At the meeting, Council Member and Planning Commissioner Jeremy Schroeder said he appreciates that the developer would include a garden and work with the community.
“This is an ongoing debate,” he said. “The city is growing. And we’re having a really big discussion about what is the best use of land. We want to make sure we’re using underutilized land. But for years, we’ve also used that land for gardens, for communities to come together to be able to give back, to build community. It’s a hard thing. I think there are some limitations on what the city can do for private property that is being sold, but I want to make sure that we don’t lose what’s been built through the community. So I appreciate the developer’s putting a community garden to keep working with the neighborhood.”
SSCO still holds a lease to the LaSalle South Community Garden located on city property at 1809 LaSalle Ave., operating under a lease that’s up for renewal in the fall of 2021.
“It looks better than ever,” said Robert Skafte, garden coordinator.
Also in the neighborhood, the Overlook Garden stands on Minnesota Department of Transportation property at 17th Street & 2nd Avenue under a partnership with the Minneapolis Park and Recreation Board. Volunteers gather to garden together from 5 p.m.–7 p.m. the last Tuesday of every month.
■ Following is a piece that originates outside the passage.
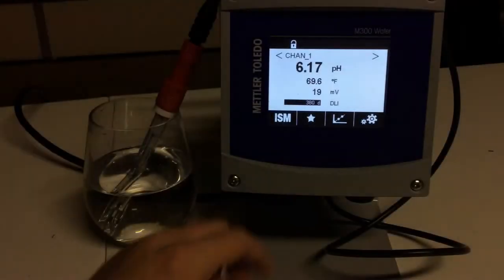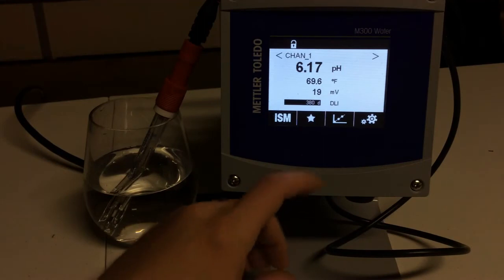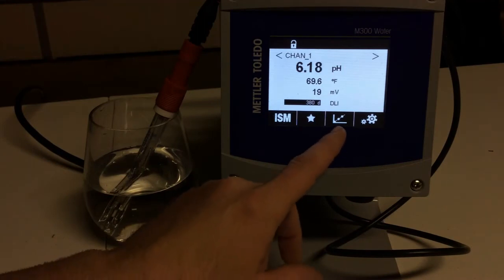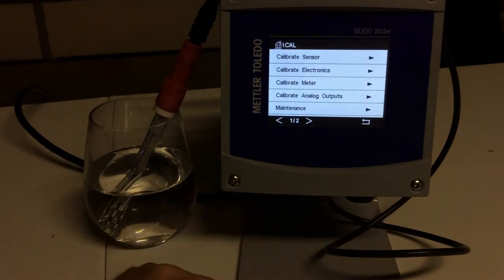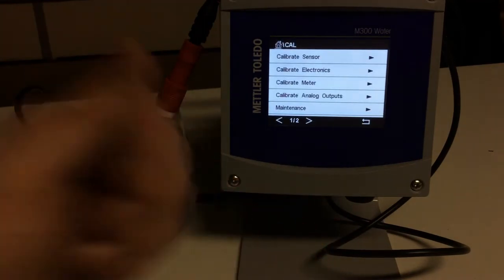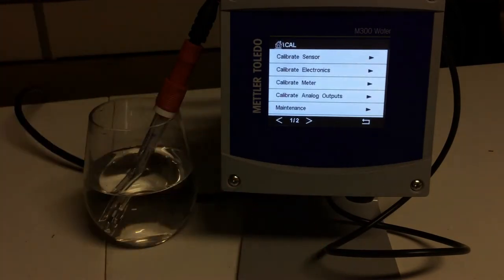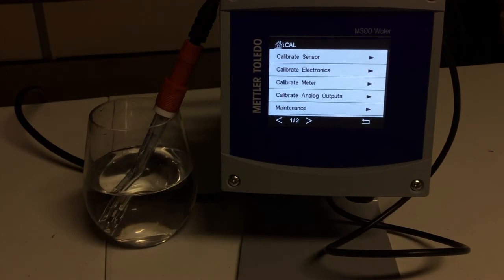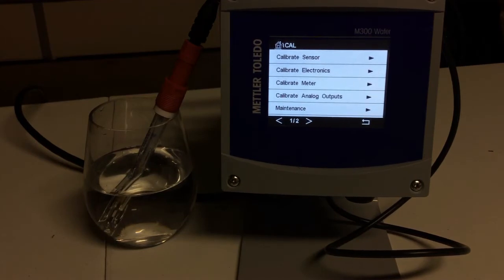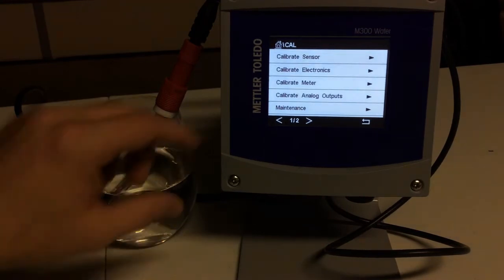You can do your calibrations of your sensors right in the field if you'd like on your transmitter, and this is how you would do that. So the next button we want to look at is our calibration, and so here's where we can calibrate our sensor, the electronics, the meter, do our maintenance, our cleaning of the sensor right through the transmitter itself.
And the Stevens Square Farmers Market is entering its 12th year, launching for the season July 3 and continuing from 2 p.m.–6:30 p.m. every Wednesday at Franklin & Nicollet.
A future design concept for Stevens Square Park includes an urban agriculture zone at 19th & Stevens under a plan being considered by the Minneapolis Park and Recreation Board.
“We’re still having gardens, we still have the Overlook Garden, and we’re just going to try to secure green space as we can,” Skafte said. “But you know how it goes, everything changes. We were lucky to have it as long as we did. Especially with all this development that’s going on lately, it’s inevitable. It’s unfortunate, but it is what it is.”